Vor dem Tivoli-Hotel herrschte abendlicher Tumult, der schalkhafte Tumult einer kurzen tropischen Dämmerung. Die Missionsschule hatte ihre Abendandacht beendet und ihre Pforten geöffnet; nun waren die Schönen durch den Garten herausgekommen, um unter den Zitronen- und Fikusbäumen, auf dem Steinfundament des eisernen Zaunes hockend, die Huldigungen ihrer Liebhaber entgegenzunehmen. Eine einzelne kleine Gestalt kam zögernd herangeschritten, von spitzen Reden verfolgt, die sie mit Schulterzucken ablehnte. Es war Petina. Er sah nachdenklich und matt besorgt aus, wenn man den Ausdruck auf seinem glatten Gesicht so deuten wollte.

Wie stets kaute er an einer Puablüte. Er stellte sich vor dem Hotel auf. Jetzt hielt er den Mund offen; der Stengel hing ihm zwischen den Zähnen heraus. Da fiel etwas: ›Klick!‹ durch ein Stückchen samtblauen Abendhimmels und landete gerade vor seinen Füßen. Es war ein Schirm. 87 Gleich darauf folgte der Vater, von einer Macht, über die er offenbar keine Kontrolle besaß, durch die Bartür befördert. Eine Welle von Geschrei und Gelächter flutete hinter ihm her.

Petina hob den Schirm auf und faßte den Vater am Arm. Grimmig heraustaumelnd, von kriegerischem Geist erfüllt, erfaßte Grothusen zunächst seine Umgebung nicht; seine blutgesprenkelten Augen stierten in die Runde, das ganze friedsame Hafenpanorama entlang, wie um ein neues Objekt zu erspähen, auf das er sich stürzen könne. Endlich ward er sich bewußt, daß ihn jemand am Arme hielt, und er erkannte in den zögernd klammernden Fingern die seines Sohnes. Er riß sich los.

»Ha!« schrie er, »Respekt! sage ich, Respekt! – Welches Recht, sage ich, nimmst du dir heraus, Sohn des weißen Mannes! Faßt seinen Vater am Ärmel! Du Bestie du!– Cut it out!! – – Geh hinein! – Schnurstracks geh hinein,« gröhlte er, »und zerschlage ihnen den ganzen Ausschank!«

Er riß Petina den Schirm fort.
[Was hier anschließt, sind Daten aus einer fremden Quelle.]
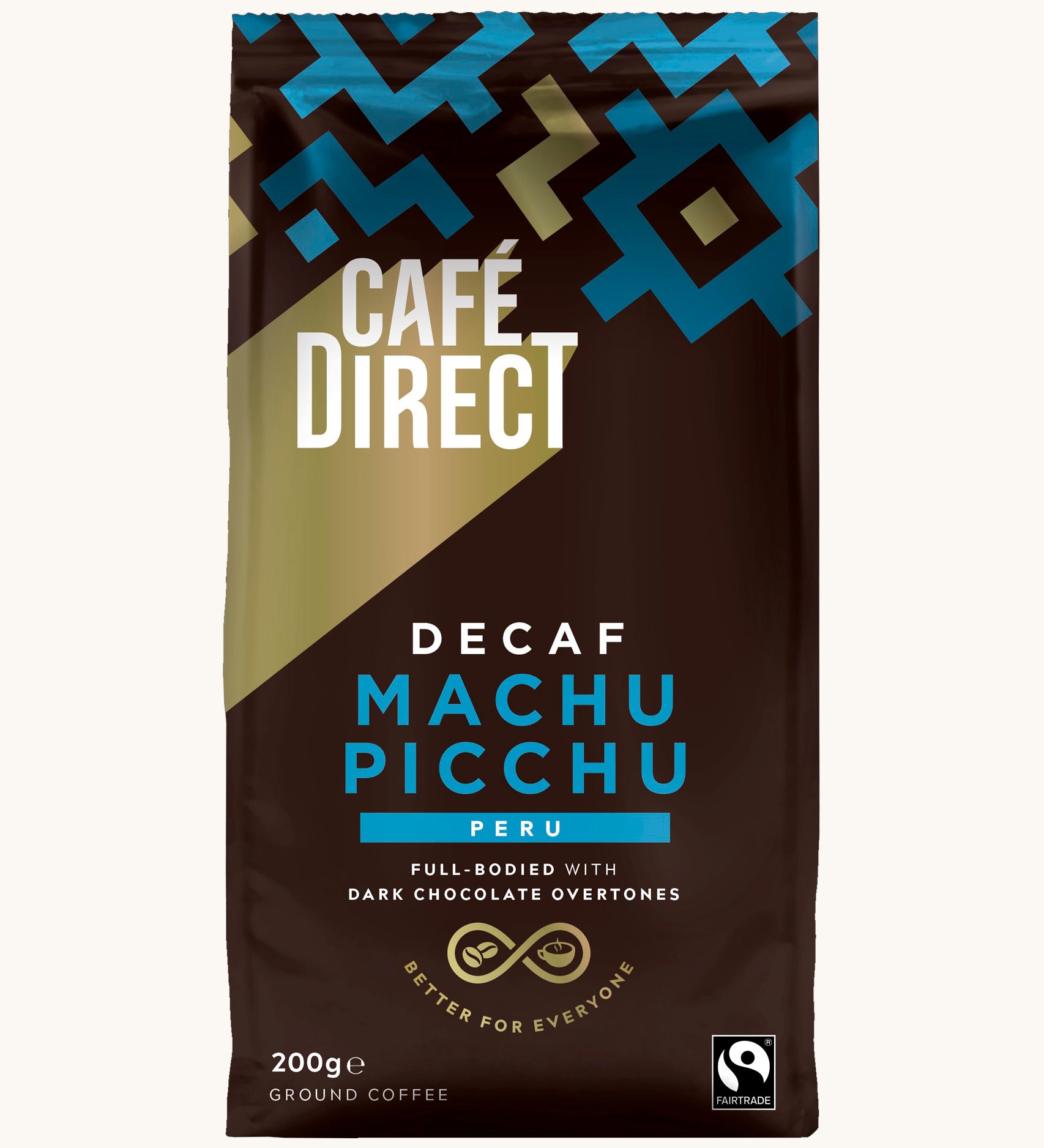 Blue Aztec design 200g bag holding the Cafe direct fair trade Machu Picchu decaf ground coffee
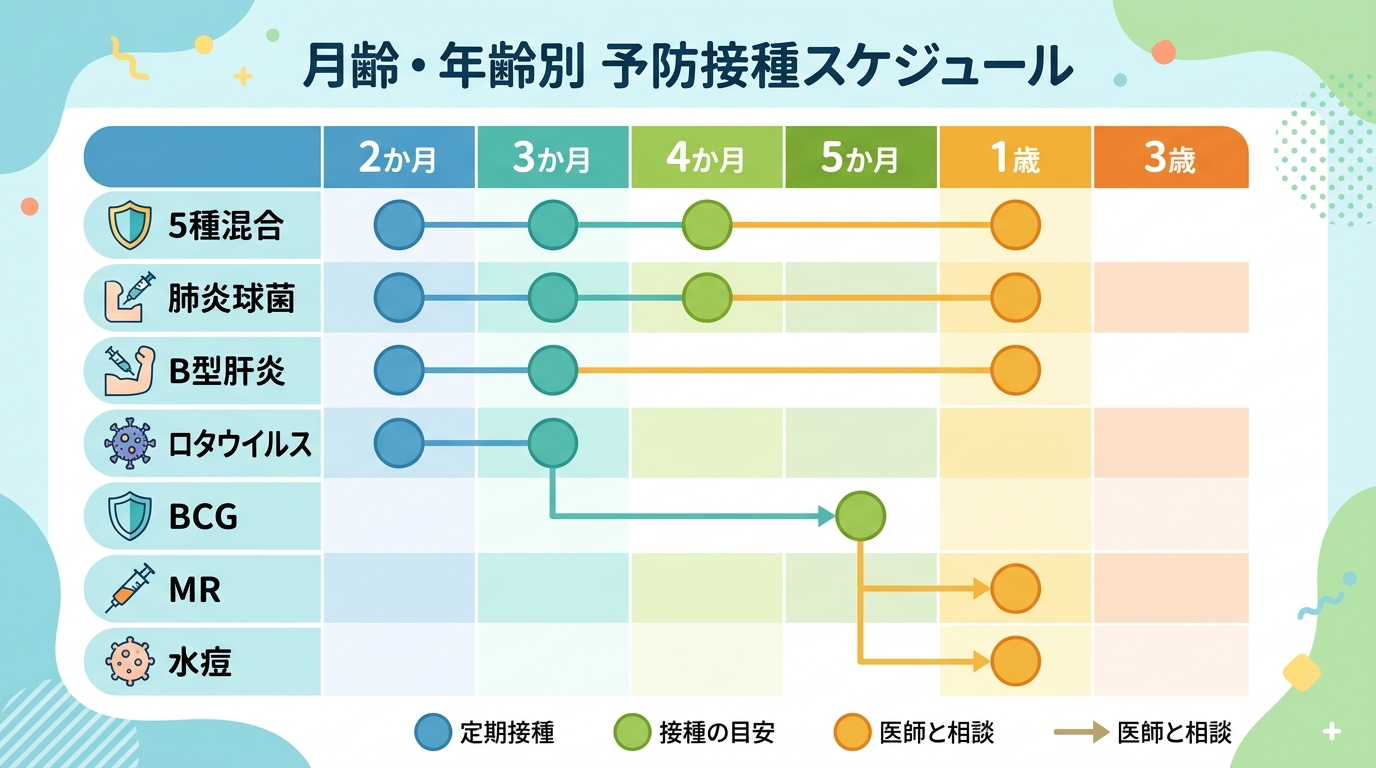 月齢別予防接種スケジュールの横型タイムライン表。横軸に「2か月」「3か月」「4か月」「5か月」「1歳」「3歳」の月齢ラベル、縦にワクチン名（5種混合・肺炎球菌・...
Breitbeinig hingepflanzt und dennoch schwankend, schleuderte er Drohungen zurück. Er wäre hingefallen, wenn Petina, eifrig und besorgt wie ein Wiesel, sich nicht um ihn herumgeschlängelt und seinen Sturmlauf verhindert hätte. Über den Kopf des Sohnes hinweg trompetete er. Sein Hals blähte sich; seine weiße Gestalt reckte sich prophetisch. Endlich erhielt er durch Petinas Bemühungen wieder eine Art Gleichgewicht.

Helles Gelächter rann den Missionszaun herab. Samoaner, die vorbei gingen, sagten: »Tk, tk«, und grinsten bis zu den Ohren hinauf. Da schien Grothusen plötzlich zusammen zu fallen, plötzlich etwas zu bemerken. In der Tat: um die Ecke, in die Ifi‘ifi-Straße hinein, war ein blitzender Kraftwagen geglitten. Ein Stulpenhandschuh an einem rohseidenen Ärmel hatte sich von dem Lenkrad gelöst und 88 irgendwo einen Gruß erwidert. Grothusen stierte auf den Punkt in der Luft, wo der Stulpenhandschuh geschwebt hatte, und mit dem Nachklang des taktfest versickernden Geräusches in den Ohren, sprach er träumerisch wie ein Kind: »Guten Abend, Exzellenz.«

»Komm nun, komm, Vater,« sagte Petina und zerrte an ihm. Er sammelte sich, und die imaginäre gerade Linie, in die ihn Petinas leiser Fingerdruck wies, starr fixierend, gab er seinen Beinen einen Antrieb. Sie fielen vorwärts. Er ging und sprach mit krauser Stirn: »Der Gouverneur ist ein höflicher Mann. Er hat mich gegrüßt. – – Ich habe in Vailima gesungen!« schrie er markig und sah seinen Sohn drohend an. »Bei dem Herrn Amtsvorgänger! Der wußte mich auch zu schätzen! Aug' in Auge hab ich ihn gefragt: ›Welches Lied belieben Sie, Exzellenz?‹ ›Die Müllerlieder!‹ pflegte er zu sagen. ›Singen Sie mir die Müllerlieder, Grothusen, das erinnert mich an die Heimat.‹ Und alle hab ich sie ihm heruntergesungen; er konnte sich nicht satt hören. Das war ein Mann! ›Zwei so alte Samoaner wie wir,‹ pflegte er zu sagen, ›wir kennen uns, was?‹ – Gold in der Kehle!« Grothusen krächzte den Beginn einer Opernarie. Petina blickte ihn aufmerksam an, dann lächelte er selig übers ganze Gesicht. Seine schwarzen Augen verkrochen sich ganz vor Vergnügen. Grothusen stolperte plötzlich und setzte sich hin.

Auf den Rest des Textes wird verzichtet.